RECORDS FOR THE EXERCISE
· · · · · · ·

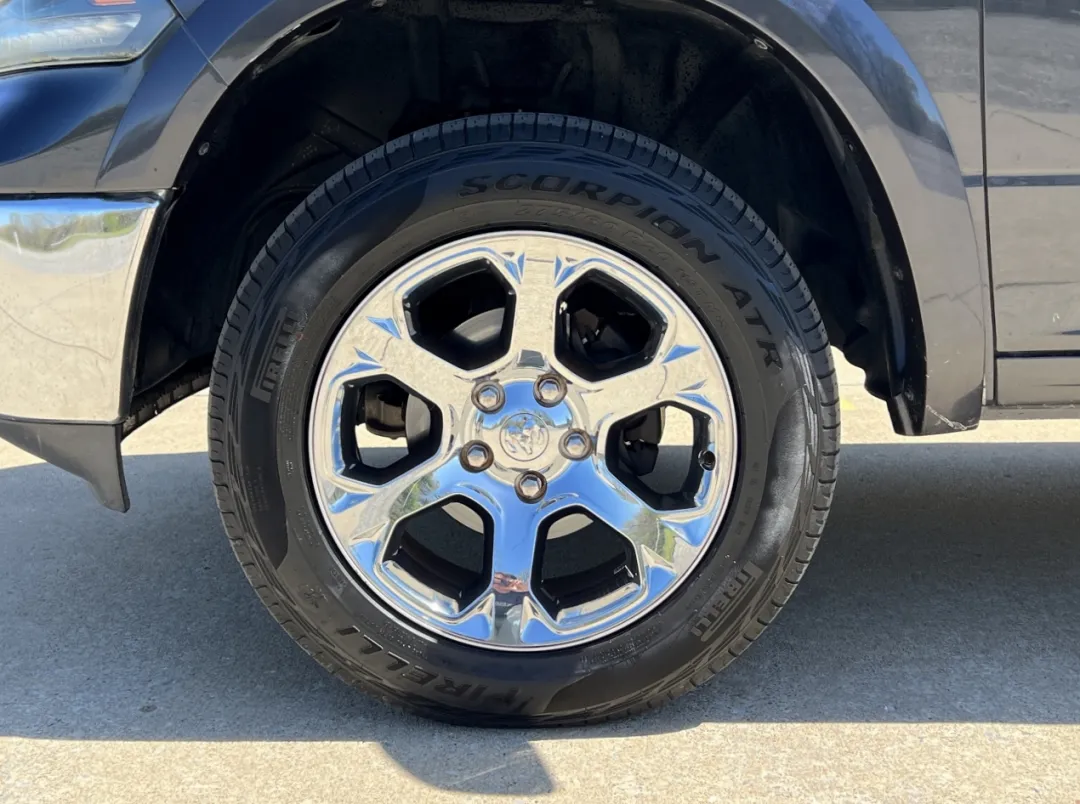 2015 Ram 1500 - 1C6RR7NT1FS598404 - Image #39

· · · · · · ·

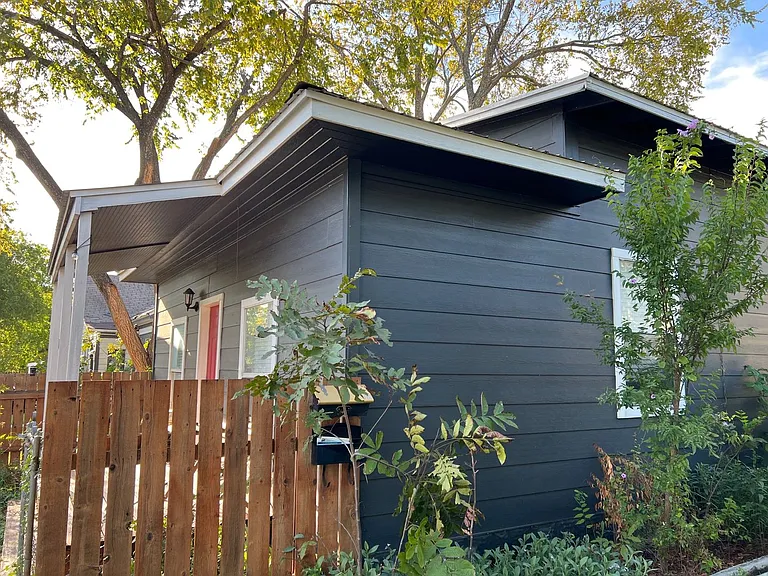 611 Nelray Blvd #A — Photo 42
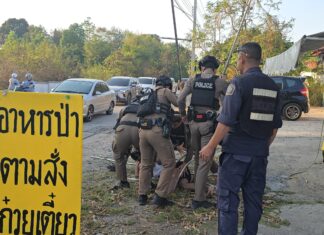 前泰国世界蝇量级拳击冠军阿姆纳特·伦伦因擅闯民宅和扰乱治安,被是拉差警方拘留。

· · · · · · ·

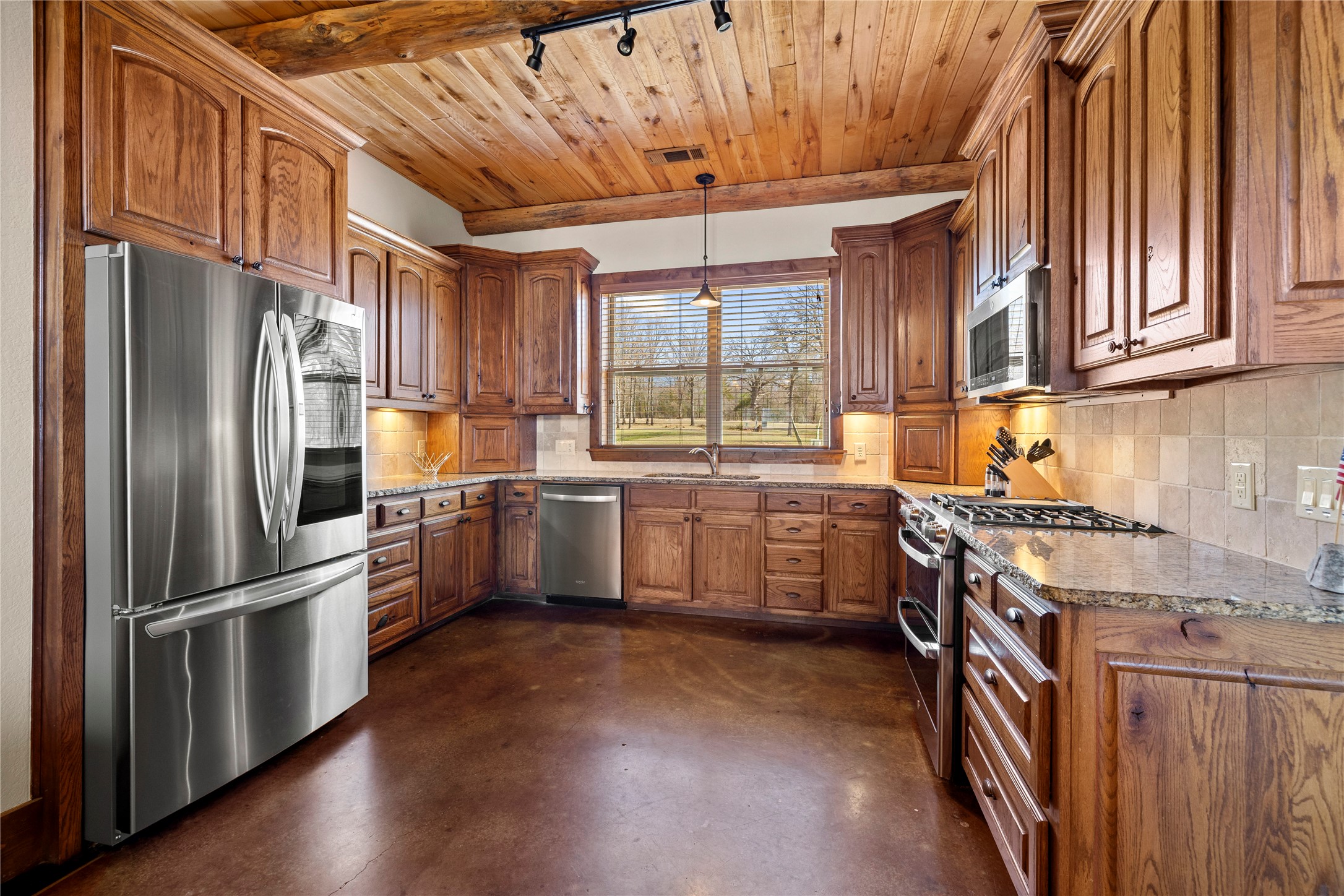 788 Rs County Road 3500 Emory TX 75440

· · · · · · ·

YOUR GOAL
Out of the records above, set down only the lines from the one that contains "611 Nelray Blvd #A — Photo 42" through the one that contains "前泰国世界蝇量级拳击冠军阿姆纳特·伦伦因擅闯民宅和扰乱治安,被是拉差警方拘留。", unchanged and without the pictures.

YOUR RESPONSE
 611 Nelray Blvd #A — Photo 42
 前泰国世界蝇量级拳击冠军阿姆纳特·伦伦因擅闯民宅和扰乱治安,被是拉差警方拘留。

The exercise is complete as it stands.